Pursey fears none of the competition
Veteran punk rockers Sham 69 have laid into their World Cup song rivals as the gloves come off in the battle for the number one spot.
Singer Jimmy Pursey branded Embrace's official song, World At Your Feet, "embarrassing" and insisted Sham's Hurry Up England would blow the rest of the competiton out of the water.
The raucous anthem, a reworking of the band's 1978 top 10 hit Hurry Up Harry, has received the backing of music paper NME and The Guardian and is one of several England songs tipped to top the charts.
Pursey, 51, told BBC Sport: "We have called our song 'The People's Anthem' and if it goes to number one it's because the people want it to go to number one."
The single features former Blur guitarist Graham Coxon and is produced by Stephen Street, who worked on the Kaiser Chiefs' debut album.
"It's great to have them both on board," Pursey said. "They're both big Sham 69 fans and they were the final touches to the best World Cup song by far.
"I think the official effort by Embrace is embarrassing.
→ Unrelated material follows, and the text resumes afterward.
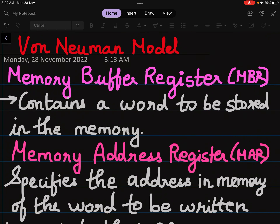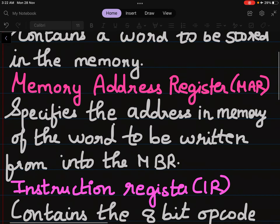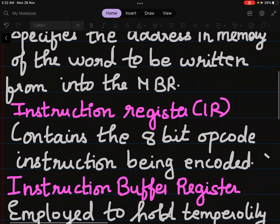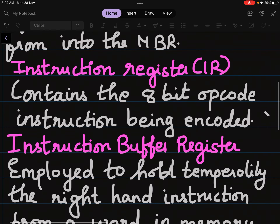In the Von Neumann model, the first is the Memory Buffer Register (MBR), which contains a word to be stored in memory. The Memory Address Register (MAR) specifies the address in memory of the word to be written from or into the MBR. The Instruction Register (IR) contains the 8-bit op code instruction being executed.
As a football fan supporting England I'm not roused by it. The unofficial songs are always better than the official ones and this year is no exception.
"A good World Cup song has to relate to the people. We can't all afford to go to Germany and are just happy to sit in the pub with a pint of beer watching the tournament on the telly."
Hurry Up England is not released until 12 June, a week after most of its rivals - including World At Your Feet, the Tonedef Allstars' Who Do You Think You Are Kidding Jurgen Klinsmann? and yet another re-release of Three Lions.
It's coming home - again
Pursey said he was not interested in the competition, adding: "Do you remember The Victory when it took on every other ship at the Battle of Trafalgar? That is the way Sham 69 feels about all the other bands doing World Cup songs.
"They've all had a broadside and I wouldn't come any closer if I were them. Ours is the greatest punk football record ever made and that's the end of it."
A number one song would top off an interesting few months for Sham 69, after another of their punk classics, The Kids Are United, was used by Tony Blair as his walk-on music at October's Labour Party Conference.
"That was shocking!" admitted Pursey, "but at least I know I've got the Prime Minister behind me as well as the country. All I need now is the army!"